海の都を離れガルハサンを攻めるウォルハンに協力するため北インガルナシオ海へ向かう。物資輸送が困難な海峡を抜けるために当地の海将「ジト・サントニウス」の協力を仰ぎこれを攻略。同時にジトの信任を得ることに成功する。物資輸送も成功しウォルハンはガルハサンを攻略。その結果かつてファンと出会いガルハサンで参謀としてウォルハンを苦しめた「アル・レオニス・ウル・グルラ」を幕僚としてウォルハンに迎え入れることに成功する。

『海皇紀』の登場人物・キャラクター

主要人物

ファン・ガンマ・ビゼン

本作の主人公。絶滅したとされている鷹の「ルファ」やシャチの「ナギア」を相棒として背中にニホントウを携え、海の王直属のはずの「影船」を自由に動かす男。
生来の怠け者であり自身を「稀代のペテン師」と称するなど普段はやる気のない姿を見せるが、実はその正体は海の一族の海王の隠し子。
他人の能力やその心情の変化を読み解く能力に優れておりそれを利用した策を用いて戦うことが多い。反面自身への他人の評価には疎くそれが後に悲劇の引き金となっている。

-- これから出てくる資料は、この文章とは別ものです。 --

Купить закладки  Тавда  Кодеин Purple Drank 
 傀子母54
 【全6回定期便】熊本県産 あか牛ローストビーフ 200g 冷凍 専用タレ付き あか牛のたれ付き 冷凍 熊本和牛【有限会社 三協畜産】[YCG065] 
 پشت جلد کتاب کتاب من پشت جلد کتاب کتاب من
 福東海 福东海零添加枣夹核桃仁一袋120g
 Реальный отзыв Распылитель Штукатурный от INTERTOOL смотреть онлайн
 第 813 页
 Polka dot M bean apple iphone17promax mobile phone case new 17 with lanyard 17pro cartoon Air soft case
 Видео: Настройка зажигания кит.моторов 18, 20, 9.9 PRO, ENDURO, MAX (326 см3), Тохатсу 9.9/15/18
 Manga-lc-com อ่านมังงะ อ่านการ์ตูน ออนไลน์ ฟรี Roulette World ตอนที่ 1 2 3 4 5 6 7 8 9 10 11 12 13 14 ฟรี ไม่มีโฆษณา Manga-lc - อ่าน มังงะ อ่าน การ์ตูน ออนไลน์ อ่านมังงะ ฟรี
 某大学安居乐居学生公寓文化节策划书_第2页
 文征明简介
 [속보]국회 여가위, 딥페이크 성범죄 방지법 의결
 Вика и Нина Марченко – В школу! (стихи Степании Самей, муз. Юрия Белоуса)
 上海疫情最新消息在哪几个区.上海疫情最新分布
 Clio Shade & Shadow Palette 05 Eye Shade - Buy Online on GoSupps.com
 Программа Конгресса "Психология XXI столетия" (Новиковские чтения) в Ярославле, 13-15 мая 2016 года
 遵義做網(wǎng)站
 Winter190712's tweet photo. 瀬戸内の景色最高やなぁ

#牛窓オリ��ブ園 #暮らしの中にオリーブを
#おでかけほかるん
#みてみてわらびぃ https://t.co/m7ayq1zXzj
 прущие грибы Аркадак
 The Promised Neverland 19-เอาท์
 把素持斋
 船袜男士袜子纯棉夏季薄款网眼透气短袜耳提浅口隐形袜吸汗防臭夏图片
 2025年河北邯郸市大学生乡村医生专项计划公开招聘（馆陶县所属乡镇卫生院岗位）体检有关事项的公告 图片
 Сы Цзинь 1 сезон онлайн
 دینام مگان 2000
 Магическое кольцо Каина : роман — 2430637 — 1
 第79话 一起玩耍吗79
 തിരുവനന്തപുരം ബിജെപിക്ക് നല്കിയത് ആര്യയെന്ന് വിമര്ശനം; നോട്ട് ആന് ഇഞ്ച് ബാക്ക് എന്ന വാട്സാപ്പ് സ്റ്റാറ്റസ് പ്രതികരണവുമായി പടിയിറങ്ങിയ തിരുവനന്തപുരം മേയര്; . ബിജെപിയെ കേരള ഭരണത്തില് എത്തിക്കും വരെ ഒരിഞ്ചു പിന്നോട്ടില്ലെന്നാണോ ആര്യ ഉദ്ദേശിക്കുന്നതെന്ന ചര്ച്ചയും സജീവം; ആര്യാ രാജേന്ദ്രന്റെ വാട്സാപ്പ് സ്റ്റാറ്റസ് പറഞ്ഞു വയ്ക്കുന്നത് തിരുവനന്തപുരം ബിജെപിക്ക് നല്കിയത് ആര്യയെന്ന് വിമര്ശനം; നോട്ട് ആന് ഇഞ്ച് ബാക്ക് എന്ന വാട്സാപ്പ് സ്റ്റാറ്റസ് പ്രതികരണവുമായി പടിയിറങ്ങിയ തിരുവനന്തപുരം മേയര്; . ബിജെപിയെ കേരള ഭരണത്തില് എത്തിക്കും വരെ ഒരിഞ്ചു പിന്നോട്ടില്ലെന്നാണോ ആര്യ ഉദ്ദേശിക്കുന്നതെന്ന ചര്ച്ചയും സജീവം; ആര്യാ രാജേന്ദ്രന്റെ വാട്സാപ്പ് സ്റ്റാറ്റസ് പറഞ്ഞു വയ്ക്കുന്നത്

風や地形を読む能力も群を抜いており普段は操舵手のナオに舵を任せているがいざという時には自身が舵を切り様々な業を見せている。
魔導の力を用いたロナルディアの侵攻に海の自由が失われる危険性を感じウォルハンの領土拡大を陰ながら支援する。その結果ロナルディアと協調路線を取ろうとする新海王「ソル・カプラ・セイリオス」と相対することになり一族全軍と戦うことになるがこれを打ち破ることに成功。一族の軍の指揮権を与えられロナルディアとの決戦に向かうことになる。

マイア・スアル・オンタネラ

大国ロナルディアによって滅ぼされたオンタナの王女。伝説の「イルアンジャ」及び「カガク」を求めての旅の途中でファンと出会い徐々に惹かれていく。当初は復讐心の強さ故誰に対しても強気に振舞っていたがアグナ・メラの出現や周りの人々の影響で素直さを取り戻していく。

トゥバン・サノオ

大陸一と評される伝説の兵法者。オンタナに対するロナルディアの侵攻が始まった際に当地に滞在しておりマイアや宮廷魔導士と共に逃避行の旅にでることになりその途上でファンと出会う。

ギルス・ヴェダイ

闇の魔人衆を父にもちルドランの眼という魔導具を装備する男。ファン一行がたどり着いた島でファンと戦い完敗。以降は子分として八番艦に乗船し、ファンたちと同行することになる。八番艦の中ではトゥバンの稽古相手になることも多く、艦で三番手に位置する実力の持ち主になる。メルダーザに好意を寄せておりメルダーザの八番艦下船の際に護衛として共に船を降りることになる。

メルダーザ

アナハラムの娘。グリハラで八番艦に乗船後ロナルディアと父との関係を調べに向かうため一行と別れる。

カザル・シェイ・ロン

辺境の小国ウォルハンの新王。かつて大陸を席巻した興武王「ウォル・シェン・ロン」と同様に胸に丸形の痣を持つことで「興武王の再来」と呼ばれるようになる。いわゆる猪突猛進型の将で戦闘の際にも自らが先陣を切って戦いに臨むその姿勢から、出会った当初ファンやトゥバンから「大馬鹿」と言われるほど。クアラに向かう船賃としてファンと「1億ゴルド」を支払う約束をしている。